Starting with Fox News anchor Bill O'Reilly and film producer Harvey Weinstein, they've fallen like so many dominoes in the glare of publicity and grim public testimony from the women (and, in a few cases, men) they mistreated -- all those predators, gropers, sexual abusers of Hollywood, TV, the news, magazines, comedy, and politics, including a former president. Their films, their shows, their roles, their books have been cancelled, sent to the trash bin of history. Not so long ago, they were the big dogs, the winners of our world, and now, shown up for how they misused their power and prestige, they've been humiliated just as they humiliated others.
Oh wait, actually not all of them. I can think of one who didn't go down at all. He won. He made himself great again. He got away with it.
In the full knowledge of what that particular big dog had done to women, with at least 10 of his victims coming forward to offer public testimony against him, with a filmed self-confession of what sort of behavior he had considered perfectly permissible for himself as a "star" -- with all of that in plain sight practically 24/7 -- a near-majority of the American people elected Harvey Weinstein president, or at least the Harvey Weinstein of 2016. That should be sobering indeed.

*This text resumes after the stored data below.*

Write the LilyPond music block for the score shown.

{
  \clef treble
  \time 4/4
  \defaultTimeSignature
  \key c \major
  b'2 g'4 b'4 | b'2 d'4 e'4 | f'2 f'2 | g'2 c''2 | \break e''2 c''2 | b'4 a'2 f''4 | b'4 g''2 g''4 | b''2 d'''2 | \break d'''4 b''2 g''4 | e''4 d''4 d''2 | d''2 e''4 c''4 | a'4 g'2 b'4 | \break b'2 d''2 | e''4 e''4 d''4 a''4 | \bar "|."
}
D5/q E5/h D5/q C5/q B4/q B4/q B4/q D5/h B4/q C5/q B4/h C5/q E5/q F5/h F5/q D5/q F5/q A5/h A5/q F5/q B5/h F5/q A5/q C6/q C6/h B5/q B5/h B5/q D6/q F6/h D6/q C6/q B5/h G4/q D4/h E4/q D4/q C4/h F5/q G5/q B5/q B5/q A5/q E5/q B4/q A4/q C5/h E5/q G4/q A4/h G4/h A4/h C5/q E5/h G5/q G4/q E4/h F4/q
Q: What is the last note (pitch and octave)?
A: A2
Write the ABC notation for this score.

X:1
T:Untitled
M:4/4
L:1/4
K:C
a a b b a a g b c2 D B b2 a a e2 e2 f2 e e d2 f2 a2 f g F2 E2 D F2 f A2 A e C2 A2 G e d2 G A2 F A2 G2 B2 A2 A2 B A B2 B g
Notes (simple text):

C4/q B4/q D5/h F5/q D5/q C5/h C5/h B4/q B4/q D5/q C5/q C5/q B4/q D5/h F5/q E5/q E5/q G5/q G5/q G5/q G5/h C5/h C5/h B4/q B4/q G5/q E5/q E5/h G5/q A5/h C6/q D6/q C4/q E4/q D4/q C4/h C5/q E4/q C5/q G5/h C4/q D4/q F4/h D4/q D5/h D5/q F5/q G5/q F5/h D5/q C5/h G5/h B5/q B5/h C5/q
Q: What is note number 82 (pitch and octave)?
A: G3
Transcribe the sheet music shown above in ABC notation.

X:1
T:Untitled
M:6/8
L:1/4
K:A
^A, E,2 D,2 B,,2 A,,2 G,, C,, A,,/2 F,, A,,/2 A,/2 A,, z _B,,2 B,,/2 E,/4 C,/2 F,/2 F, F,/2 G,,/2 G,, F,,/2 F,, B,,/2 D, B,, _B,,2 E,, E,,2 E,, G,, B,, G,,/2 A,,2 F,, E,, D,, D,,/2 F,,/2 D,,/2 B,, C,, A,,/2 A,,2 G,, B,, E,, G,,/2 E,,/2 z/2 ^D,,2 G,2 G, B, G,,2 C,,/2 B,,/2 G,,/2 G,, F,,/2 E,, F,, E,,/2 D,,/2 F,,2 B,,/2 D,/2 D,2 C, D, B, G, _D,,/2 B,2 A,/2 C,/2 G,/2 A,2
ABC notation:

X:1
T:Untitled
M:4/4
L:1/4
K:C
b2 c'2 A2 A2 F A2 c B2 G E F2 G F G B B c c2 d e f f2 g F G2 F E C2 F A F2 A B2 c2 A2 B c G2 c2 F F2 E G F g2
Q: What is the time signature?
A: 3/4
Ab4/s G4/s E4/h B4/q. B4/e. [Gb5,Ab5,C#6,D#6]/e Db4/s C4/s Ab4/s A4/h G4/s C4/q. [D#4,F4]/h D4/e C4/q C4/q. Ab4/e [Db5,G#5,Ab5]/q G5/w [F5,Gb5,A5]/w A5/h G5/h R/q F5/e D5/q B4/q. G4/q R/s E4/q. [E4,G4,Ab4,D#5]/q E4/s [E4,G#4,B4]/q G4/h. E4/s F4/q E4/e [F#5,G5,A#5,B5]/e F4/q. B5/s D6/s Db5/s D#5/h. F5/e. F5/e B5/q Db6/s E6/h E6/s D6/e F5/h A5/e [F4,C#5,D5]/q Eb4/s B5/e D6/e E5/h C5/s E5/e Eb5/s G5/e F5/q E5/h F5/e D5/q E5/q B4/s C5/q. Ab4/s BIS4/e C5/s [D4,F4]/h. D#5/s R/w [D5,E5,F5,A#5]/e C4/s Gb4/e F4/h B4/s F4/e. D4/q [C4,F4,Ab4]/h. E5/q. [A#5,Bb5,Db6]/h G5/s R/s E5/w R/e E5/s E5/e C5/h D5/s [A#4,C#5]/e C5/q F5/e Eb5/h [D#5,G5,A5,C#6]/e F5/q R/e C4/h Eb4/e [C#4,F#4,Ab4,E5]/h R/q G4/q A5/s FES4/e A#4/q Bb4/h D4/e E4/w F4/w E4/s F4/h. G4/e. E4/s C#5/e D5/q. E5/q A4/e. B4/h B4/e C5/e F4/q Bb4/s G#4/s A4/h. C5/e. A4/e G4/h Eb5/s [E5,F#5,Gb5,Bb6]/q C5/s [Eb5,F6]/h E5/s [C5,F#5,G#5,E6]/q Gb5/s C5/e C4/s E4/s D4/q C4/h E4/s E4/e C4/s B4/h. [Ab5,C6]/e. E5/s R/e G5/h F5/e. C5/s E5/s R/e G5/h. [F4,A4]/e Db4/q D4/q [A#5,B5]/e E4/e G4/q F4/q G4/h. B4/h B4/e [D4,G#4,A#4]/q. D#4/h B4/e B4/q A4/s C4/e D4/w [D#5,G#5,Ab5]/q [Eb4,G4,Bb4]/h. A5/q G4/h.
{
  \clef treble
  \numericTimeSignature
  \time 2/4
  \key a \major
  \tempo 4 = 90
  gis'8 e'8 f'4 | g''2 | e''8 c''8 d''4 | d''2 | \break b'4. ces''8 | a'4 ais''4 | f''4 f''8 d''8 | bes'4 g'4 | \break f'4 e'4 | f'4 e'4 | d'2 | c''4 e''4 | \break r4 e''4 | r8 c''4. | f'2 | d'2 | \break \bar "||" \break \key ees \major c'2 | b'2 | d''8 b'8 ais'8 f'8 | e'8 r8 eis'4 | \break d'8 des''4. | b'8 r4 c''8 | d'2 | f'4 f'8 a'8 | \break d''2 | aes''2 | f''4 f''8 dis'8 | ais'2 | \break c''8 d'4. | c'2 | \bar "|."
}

Pussy-grabber Donald Trump waved all of it aside as so much "locker room talk" and "fake news." He threatened to sue. He denied everything, instead accusing his political opponent, Hillary Clinton, of aiding and abetting her husband's sexual predation. And it all worked. The evangelicals voted for him. His "base" went for it. They elected a self-confessed predator president and, exactly a year later, in Alabama, with recent revelations about Republican Senate candidate Roy Moore's scandalous behavior toward a 14-year-old girl and other young women, it just may happen again in the very same way based on the very same playbook. Moore has, of course, denied (almost) everything, labeled it all "fake news," threatened to sue, attacked the "Obama-Clinton Machine's liberal media lapdogs," and is even raising money off it. And it's at least possible that he may still win the special election for the Senate seat of Attorney General Jeff Sessions next month by staying on the same path into the wilderness of sexual predation that Donald Trump pioneered in 2016. (Keep in mind that if a story broke tomorrow that Hillary Clinton had, in her thirties, approached a 14-year-old boy in a similar fashion, evangelicals across the South and that same Republican base would surely be up in arms about it.)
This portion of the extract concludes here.